History?

Apr. 20th, 2006 07:17 am
chickenfeet: (history)
[personal profile] chickenfeet
This is a post that has been kicking around in my head for a while but has been dragged kicking and screaming to the surface by this post from the lovely and thoughtful [livejournal.com profile] frumiousb. My reaction to the post was that it was curiously detached. It could have been written about the Peloponnesian War. I couldn't write with that kind of detachment about the Somme or Ypres. It's too close. My grandfather was there. The chapel at school was filled with tablets commemorating the Old Boys who died there.

So, my broader question is "when does history start (or end, if you prefer)?". Is it a matter of time or more to do with some sense of personal connection? There's certainly a sense in which, for me, the Vietnam War is "further away" than WW1 So what says the blogosphere?

Date: 2006-04-20 11:37 am (UTC)
From: [identity profile] violetsaunders.livejournal.com
My quick off-the-cuff response is that History doesn't start or end anywhere - but when things pass out of your own experience and you begin to rely on the testimony of others (as Thucydides would have it) they begin to become historical. So WW1 for us is definitely becoming historical - even though we both talked to people who were there. Whether you then choose to write about that history with detachment or not is a purely 'artificial' decision.

love :-)

VS

Hm...

Date: 2006-04-20 11:42 am (UTC)
From: [identity profile] fearsclave.livejournal.com
...when the media have abandoned the event in question for the Next Big Headline Grabber?

Date: 2006-04-20 12:39 pm (UTC)
gillo: (Default)
From: [personal profile] gillo
An interesting link. We always take our Year 10 pupils (4th year, old-style - aged ~15) to both the Somme and Ypres at the start of the summer holiday - my younger daughter will be going this year. At Thiepval we have a short non-religious ceremony in which teh names of the 35-odd old boys of the school who dies in the war are read out and someone usually says a poem - the kids find it very moving. There are always two or three who have relatives buried somewhere on our route, so we plan in the time to leave one of those small crosses at the grave. We also visit the Canadian lines and memorial at Vimy, a big French memorial, a cemetery for "Empire" soldiers, with Punjabi, Arabic and Chinese inscriptions, and a German cemetery, so that it's not just seen as a British war - the kids get a good sense of the history and the scale. In October there's going to be a staff trip on much the same route.

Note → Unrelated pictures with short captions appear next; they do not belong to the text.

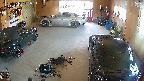 yotec5-20250519111055.jpg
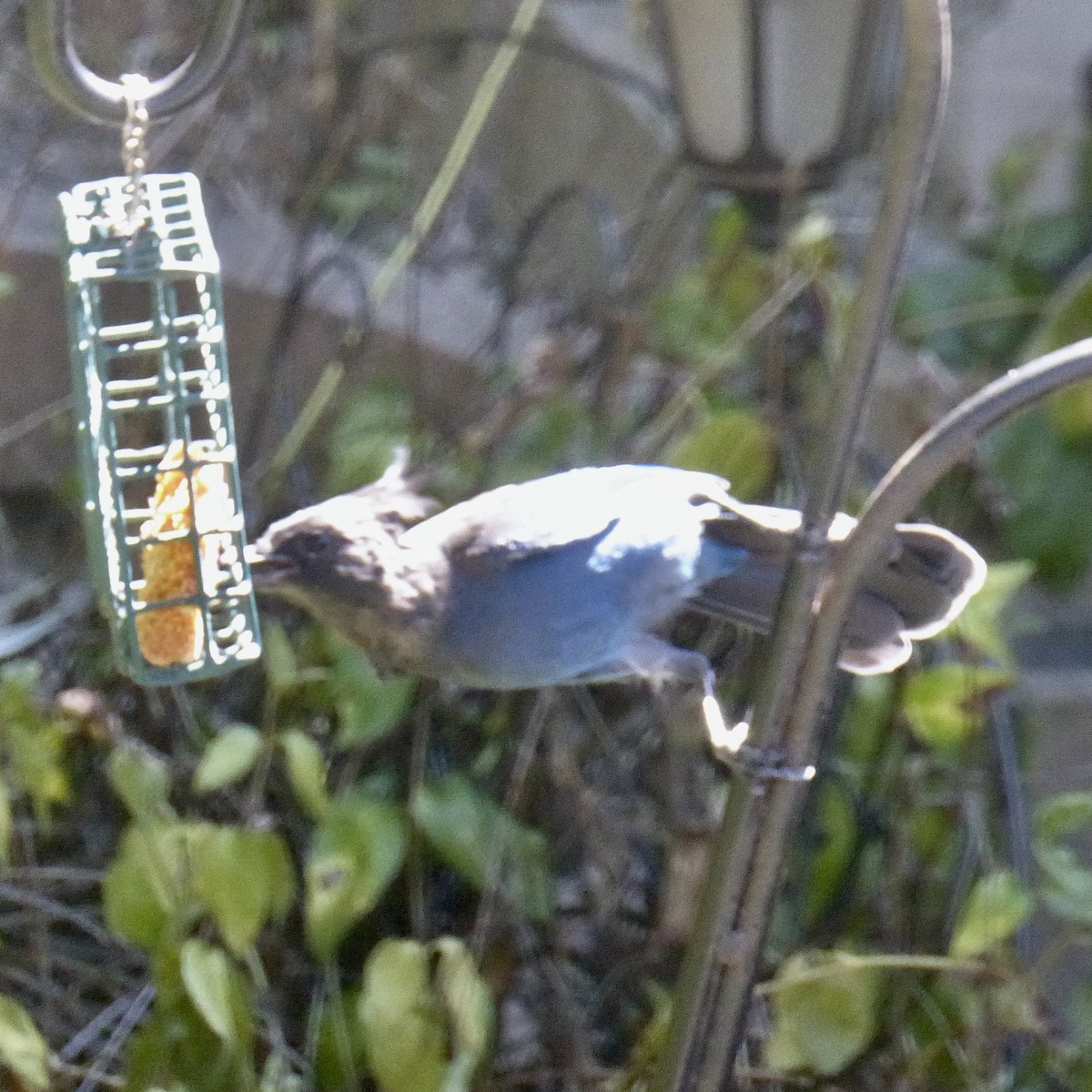 Steller's Jay - ML641136707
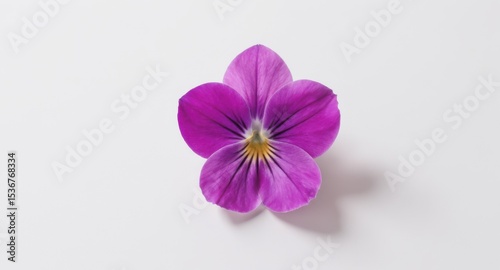 Isolated Purple Flower Blossom on White Background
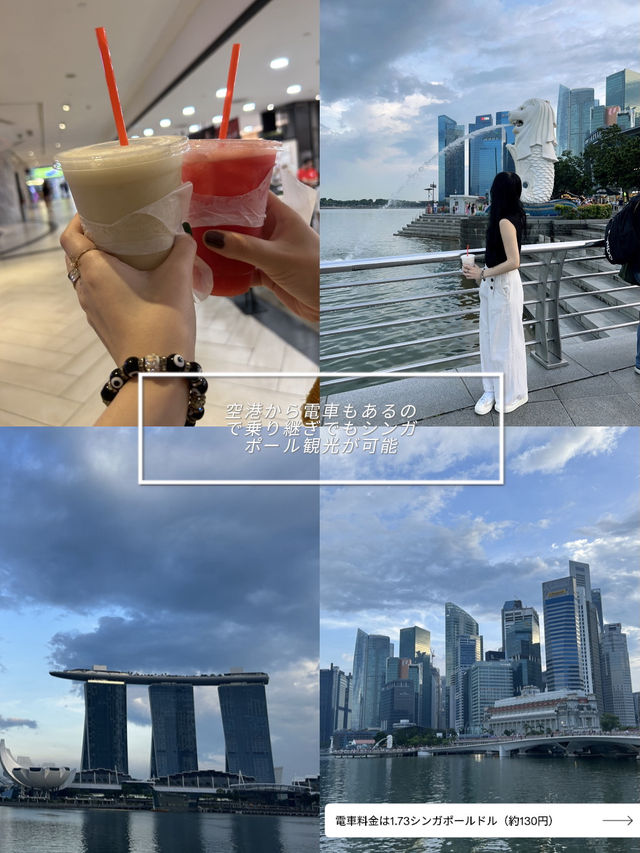 世界最高の空港•シンガポール•チャンギ国際空港🇸🇬
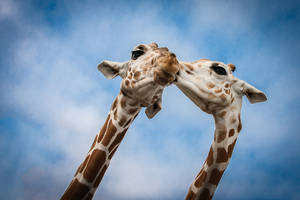 Giraffe Love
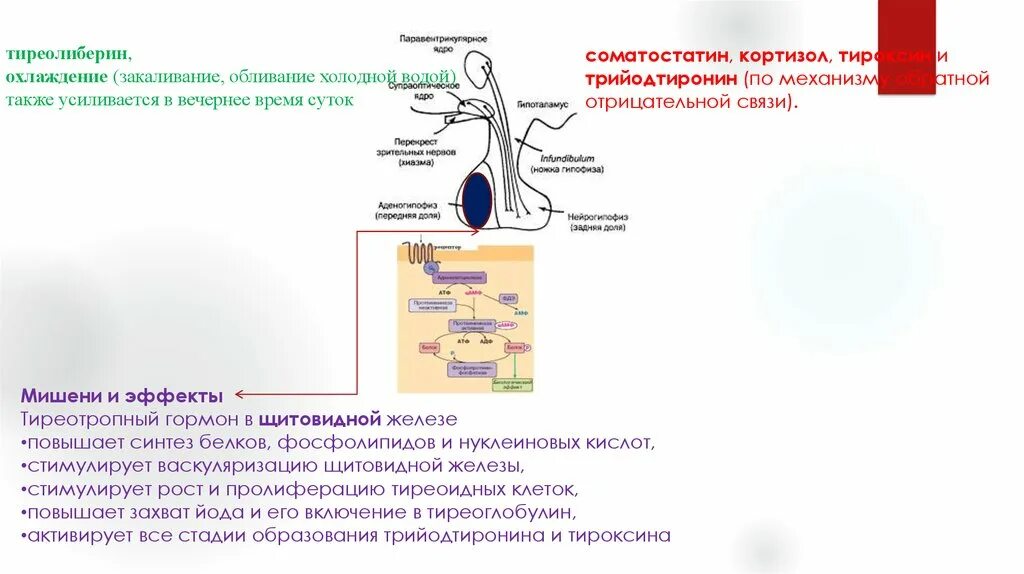 Скрининг на гипотиреоз. Тиреолиберин биохимия. Тиреолиберин строение. Тиреолиберин гипоталамуса. Тиреолиберин формула.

Back when the *spit* National Curriculum was being devised, Kenneth Baker, then Secretary of State for Education, insisted that history finishes at least 30 years ago. Some A level syllabuses go up to the end of the First Gulf War. I'd be wary of teaching to teenagers as "History" anything within their own lifetimes. The curriculum here is far too full of Hitler and Stalin for my taste - it's compulsory to do both before History becomes an option, and GCSE tends to be 20th century, as do many A/L courses - so some poor kids get Hitler from the summer of Year 9 to when they leave school! Universities have complained, but every pundit is outraged at the idea that kids might grow up not knowing about Hitler in particular, so it's likely to stay that way.

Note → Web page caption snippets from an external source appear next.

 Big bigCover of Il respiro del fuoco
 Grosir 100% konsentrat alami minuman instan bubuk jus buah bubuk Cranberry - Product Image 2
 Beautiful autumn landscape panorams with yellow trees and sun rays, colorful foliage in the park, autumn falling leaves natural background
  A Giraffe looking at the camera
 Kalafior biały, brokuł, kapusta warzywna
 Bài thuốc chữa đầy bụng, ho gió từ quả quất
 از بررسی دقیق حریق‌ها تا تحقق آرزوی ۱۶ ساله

I find that I have to teach any eighteenth or nineteenth century background my older classes need for set texts from those periods. It irritates me somewhat, when they are studying stuff I'm old enough to remember as "current affairs" in History, but I suppose one answer is that History ends a second in the past. I think Asimov once wrote a short story along those lines.

Date: 2006-04-20 12:49 pm (UTC)
From: [identity profile] f4f3.livejournal.com
Sadly enough I remember the Asimov story - it was in "Earth is Room Enough" and posited that a machine to look into the past was also a terrible invasion of present privacy.

I'm finding events within my lifetime are very much becoming part of history - the Miner's Strike, say, or Thatcher's "there is no such thing as society" speech, not to mention the Falklands War.

Date: 2006-04-20 12:57 pm (UTC)
From: [identity profile] chickenfeet2003.livejournal.com
not to mention the Falklands War

and the Labour Party

Date: 2006-04-20 01:07 pm (UTC)
From: [identity profile] f4f3.livejournal.com
There is something deeply worth exploring here. After all, I wished the current Labour Party into existence in the early '90s, and I'm still glad that I did - the alternative was just too horrible to contemplate.

Like Itchy, posting elsewhere, I think the Labour party of the 80's had the potential to do great things, but could never have reached a position where they could implement those things.

The Labour government as it stands will never achieve greatness, but they have delivered on a lot of things that mean a lot to me - a Scottish Parliament, a mininum wage, a society where the mention of the concept of Homosexuality is not illegal.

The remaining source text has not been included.